** Opening INFORMATION GIVEN block **
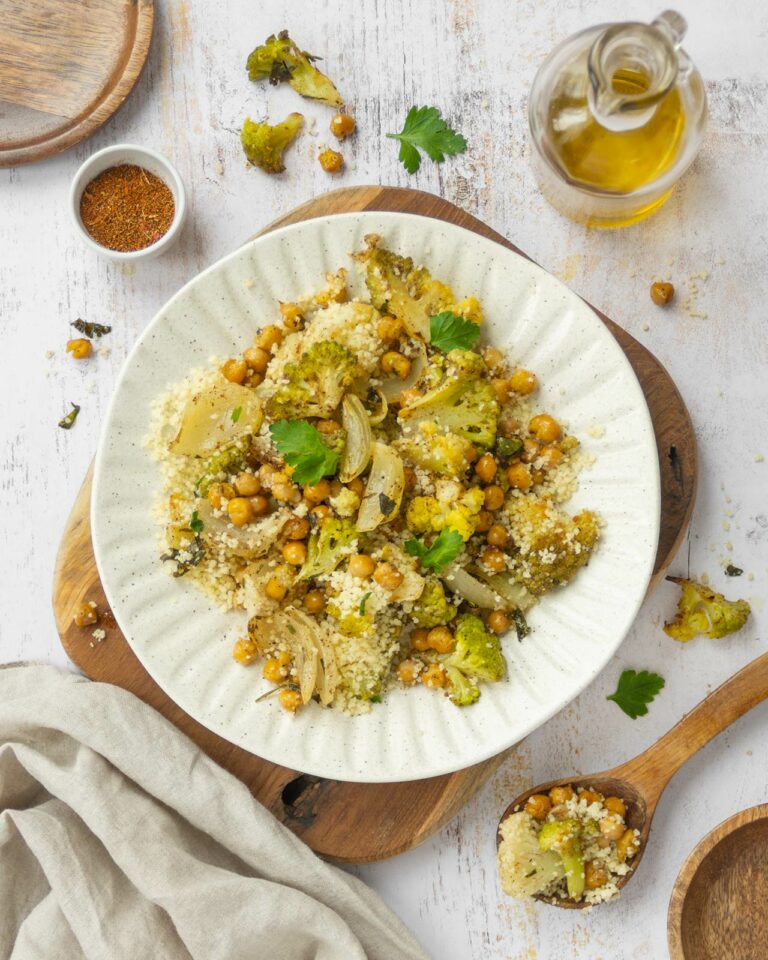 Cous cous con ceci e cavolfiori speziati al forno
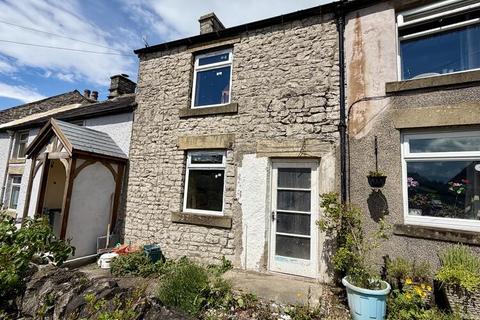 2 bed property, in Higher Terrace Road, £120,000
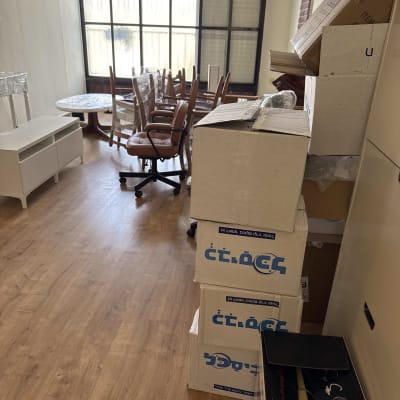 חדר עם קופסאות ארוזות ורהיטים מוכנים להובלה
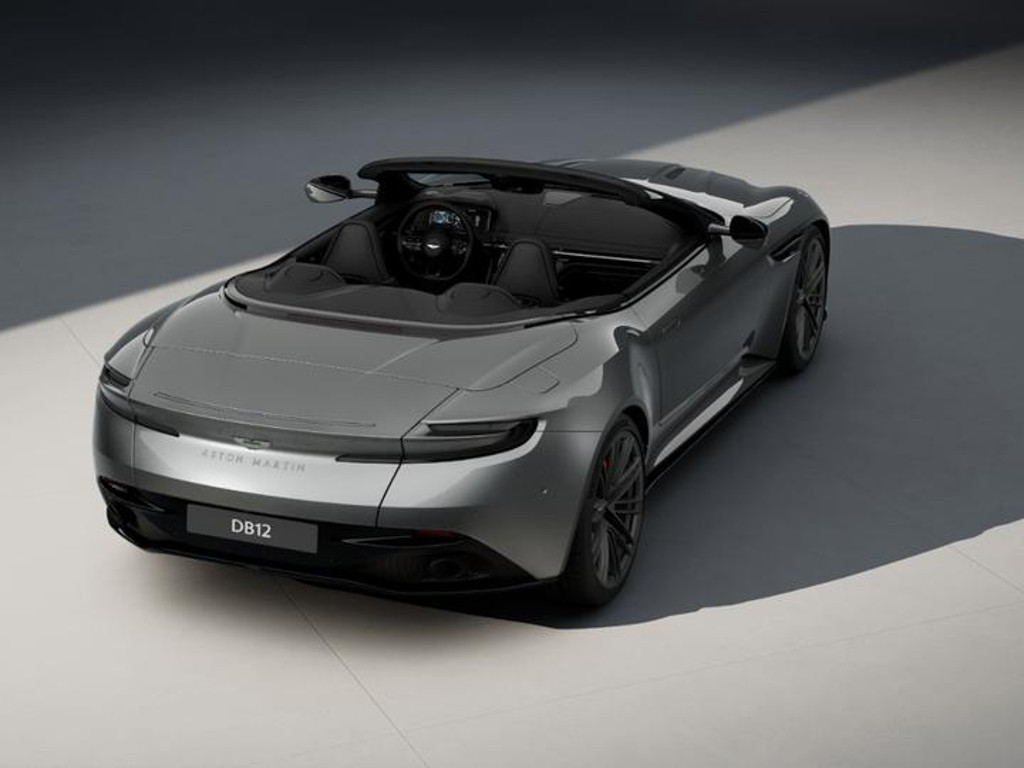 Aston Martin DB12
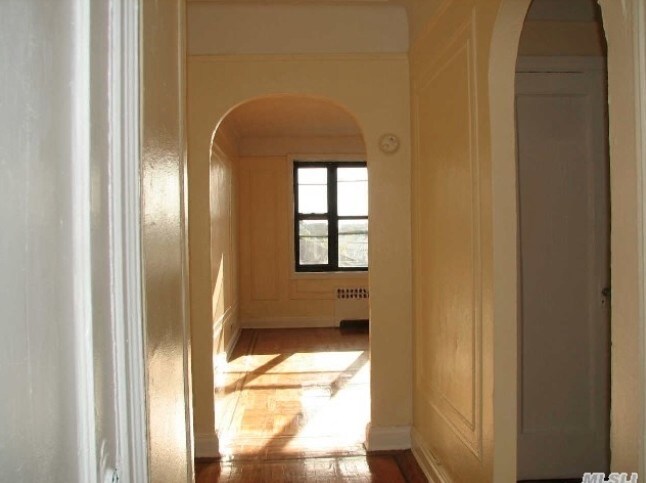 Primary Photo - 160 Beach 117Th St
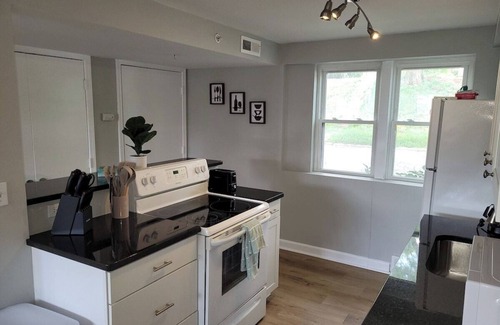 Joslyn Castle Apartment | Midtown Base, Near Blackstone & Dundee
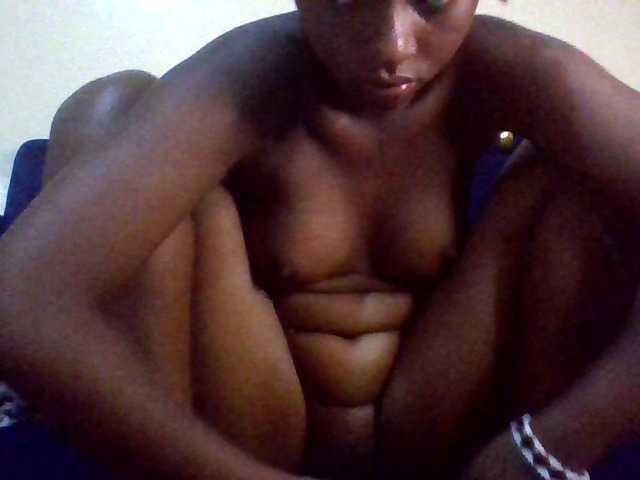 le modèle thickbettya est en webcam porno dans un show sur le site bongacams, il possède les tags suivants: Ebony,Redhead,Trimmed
** Closing INFORMATION GIVEN block **
** Opening INFORMATION GIVEN block **
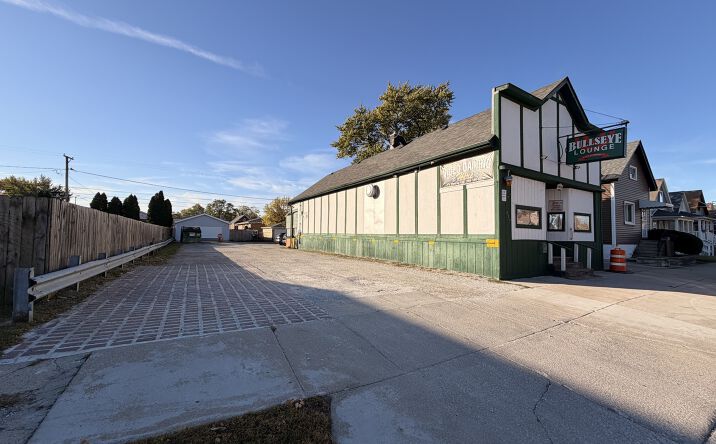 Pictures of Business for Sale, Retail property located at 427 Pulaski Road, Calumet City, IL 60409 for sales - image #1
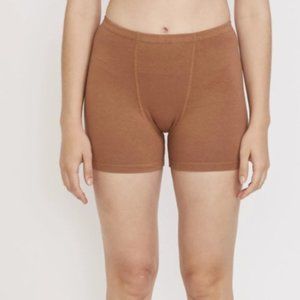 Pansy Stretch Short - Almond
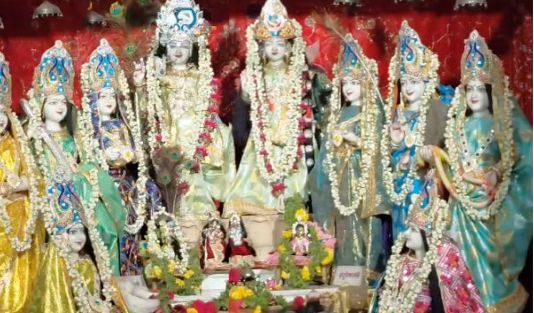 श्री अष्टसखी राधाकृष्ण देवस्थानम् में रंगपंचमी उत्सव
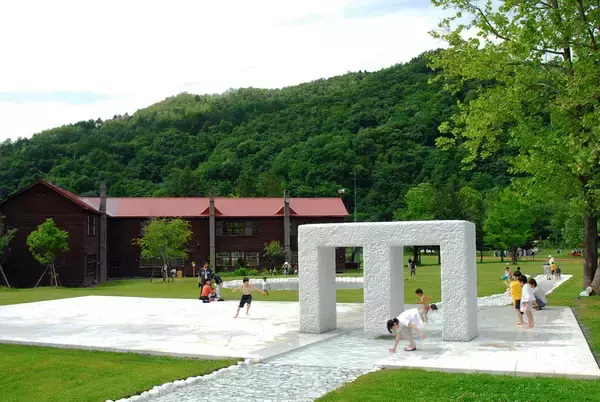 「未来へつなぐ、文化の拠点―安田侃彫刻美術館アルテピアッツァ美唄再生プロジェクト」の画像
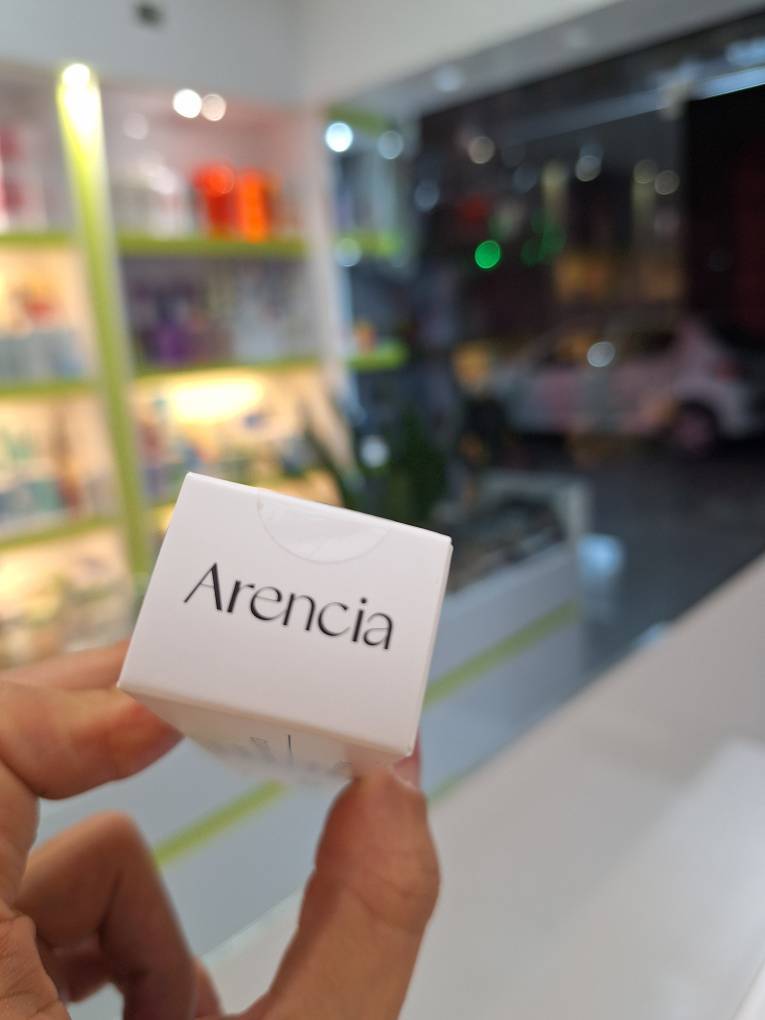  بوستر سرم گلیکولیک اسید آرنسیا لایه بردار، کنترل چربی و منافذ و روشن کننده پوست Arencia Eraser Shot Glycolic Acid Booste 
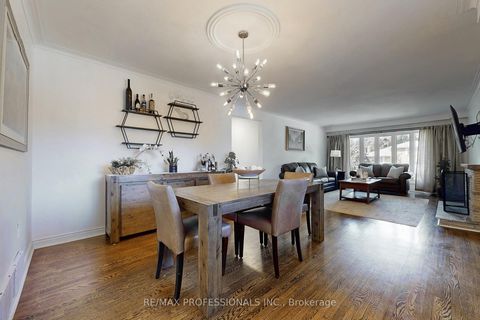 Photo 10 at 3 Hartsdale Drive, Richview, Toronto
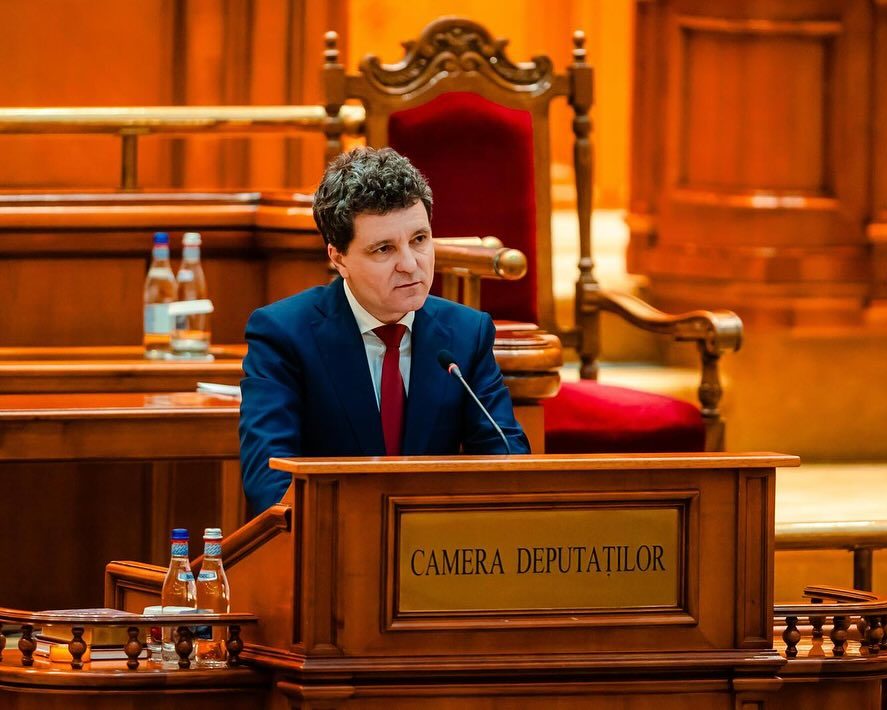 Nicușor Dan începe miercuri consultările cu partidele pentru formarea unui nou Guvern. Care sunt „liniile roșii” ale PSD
** Closing INFORMATION GIVEN block **
▶ **PROBLEM DETAILS**
Output should consist of the lines above from the one with "חדר עם קופסאות ארוזות ורהיטים מוכנים להובלה" down to the one with "le modèle thickbettya", exact and without pictures.

▶ **TASK SOLUTION**
 חדר עם קופסאות ארוזות ורהיטים מוכנים להובלה
 Aston Martin DB12
 Primary Photo - 160 Beach 117Th St
 Joslyn Castle Apartment | Midtown Base, Near Blackstone & Dundee
 le modèle thickbettya est en webcam porno dans un show sur le site bongacams, il possède les tags suivants: Ebony,Redhead,Trimmed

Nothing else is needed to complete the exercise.